── Data to use ──

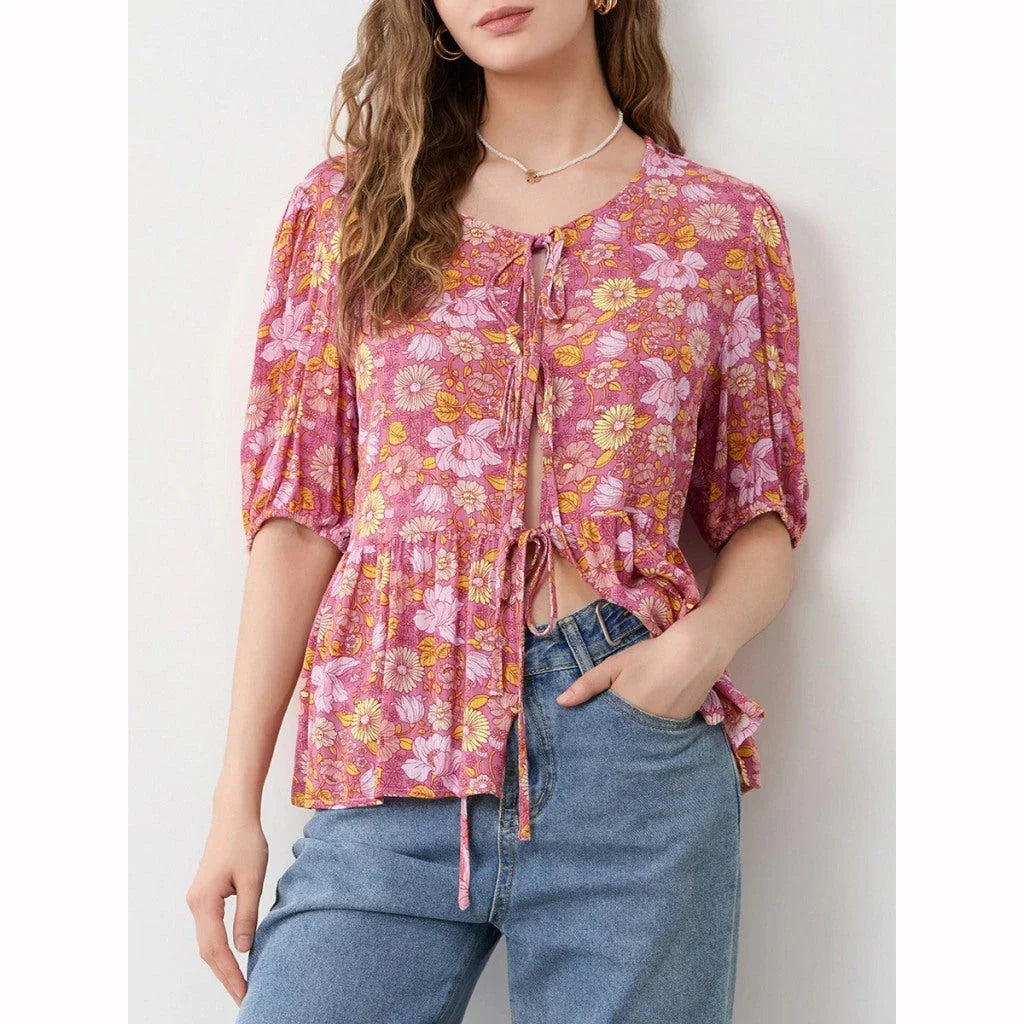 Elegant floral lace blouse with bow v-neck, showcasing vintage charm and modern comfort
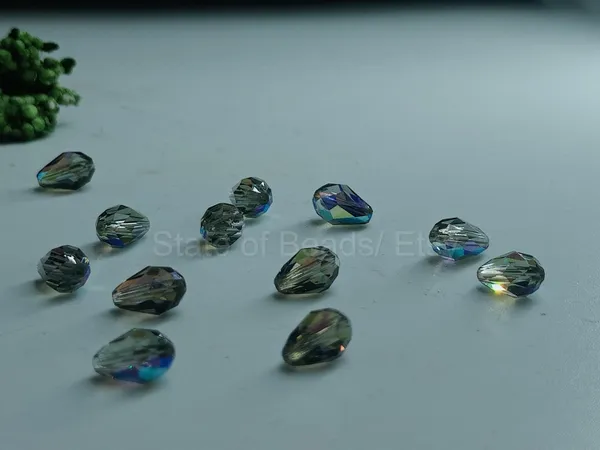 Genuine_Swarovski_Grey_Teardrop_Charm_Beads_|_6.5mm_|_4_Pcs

───
── Data to use ──

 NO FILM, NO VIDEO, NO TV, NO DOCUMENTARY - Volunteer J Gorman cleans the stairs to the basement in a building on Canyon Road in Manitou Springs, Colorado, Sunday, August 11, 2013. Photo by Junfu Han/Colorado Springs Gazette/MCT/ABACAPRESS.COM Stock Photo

───
── Data to use ──

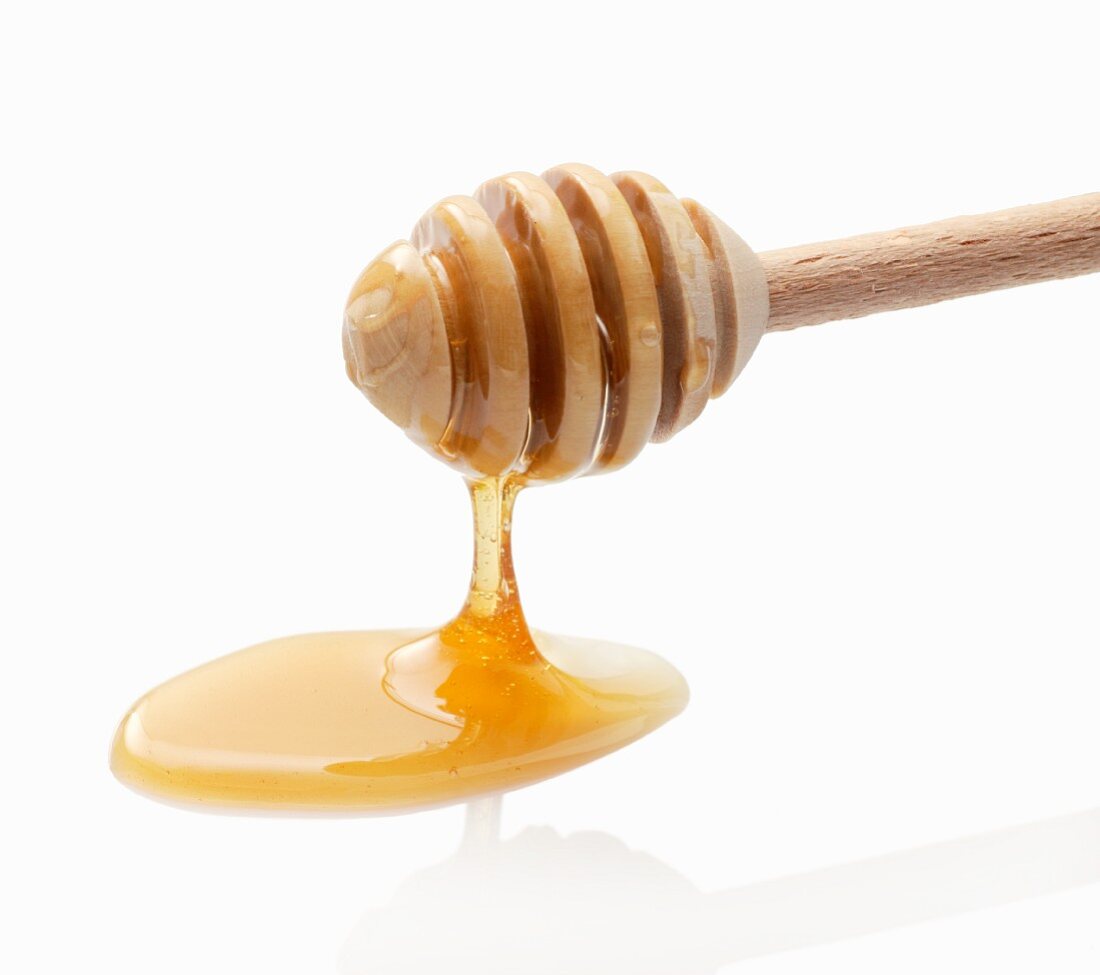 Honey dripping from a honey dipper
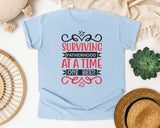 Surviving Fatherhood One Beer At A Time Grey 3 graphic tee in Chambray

───

__Your instructions__:
Give again the stretch of lines above from the one with "Elegant floral lace" through the one with "Genuine_Swarovski_Grey_Teardrop_Charm_Beads_|_6.5mm_|_4_Pcs", both ends kept, and copy no pictures.

__Result of the exercise__:
 Elegant floral lace blouse with bow v-neck, showcasing vintage charm and modern comfort
 Genuine_Swarovski_Grey_Teardrop_Charm_Beads_|_6.5mm_|_4_Pcs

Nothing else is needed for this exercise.